Natriuretic peptide receptors in the fetal rat.
Brown, J., and Z. Zuo.
Physiological Laboratory, Downing Street, Cambridge CB2 3EG
APStracts 2:0063E, 1995.
In vitro autoradiography of rat fetuses from embryonic days 12-19
(E12-E19) showed widespread, high affinity, specific binding sites
for natriuretic peptides. The sites on E16 somites avidly bound C
-type natriuretic peptide (CNP(1-22) ), as well as C-ANP, a synthetic
ligand that selects the NPR-C type of natriuretic peptide receptor.

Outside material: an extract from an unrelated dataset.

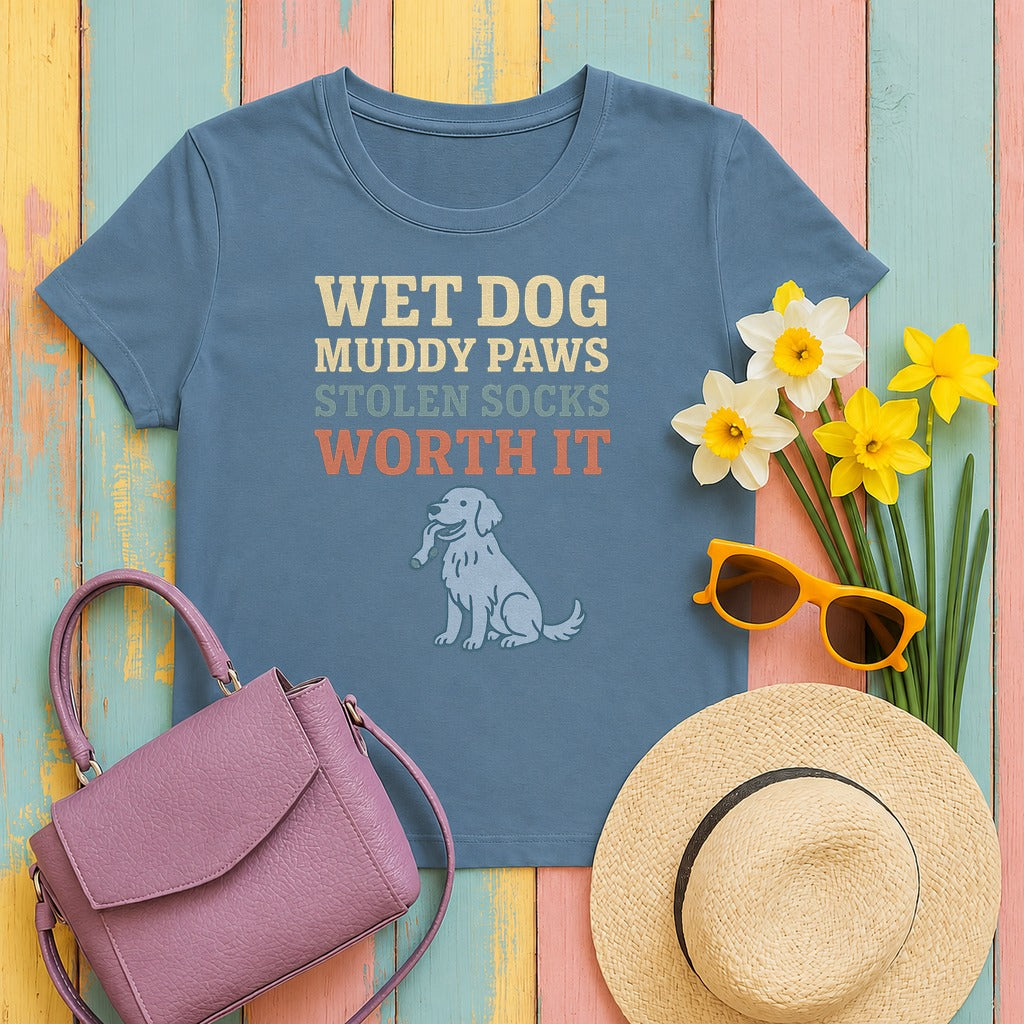 Flat-Coat Wet Dog Muddy Paws Tee in Steel Blue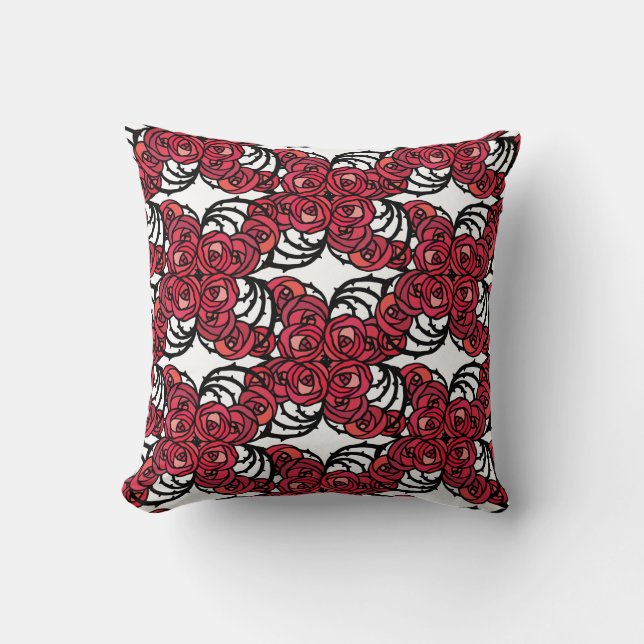 Art Nouveau Blumenmuster Rot und Schwarz Rose Desi Kissen (Vorderseite)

Most somitic binding sites had high affinity for atrial natriuretic
peptide (ANP(1-28)), confirming their resemblance to NPR-C. A few had
a lower apparent affinity for ANP(1-28) , suggesting they might be
the NPR-B type of receptor. CNP(1-22) was more powerful than ANP(1
-28) as an agonist of guanosine 3,5-cyclic monophosphate (cGMP)
production in somites, and ATP augmented the action of CNP(1-22).
These observations further suggest the presence of NPR-B. However,
cross-linking of 125I-tyro-CNP(1-22) to somitic membranes, followed
by sodium dodecyl sulphate-polyacrylamide gel electrophoresis (SDS
-PAGE), detected only a single binding protein of 64 kDa under
reducing conditions. This is not consistent with intact, 120 kDa NPR
-B. In vitro autoradiography of the binding of natriuretic pepides to
E16 liver implied that both NPR-A and NPR-C-like receptors were
present here . Hepatic cGMP production was most powerfully stimulated
by ANP(1-28), as expected of NPR-A. SDS-PAGE also identified NPR-A
and NPR-C-like proteins in E16 hepatic membranes. Thus, different
natriuretic peptide receptors are expressed by specific fetal
tissues. This may be developmentally significant.
Received 2 November 1994; accepted in final form 23 March 1995.
APS Manuscript Number E451-4.
Article publication pending Am. J. Physiol. (Endocrinol. Metab.).
ISSN 1080-4757 Copyright 1995 The American Physiological Society.
Published in APStracts on 19 April 1995.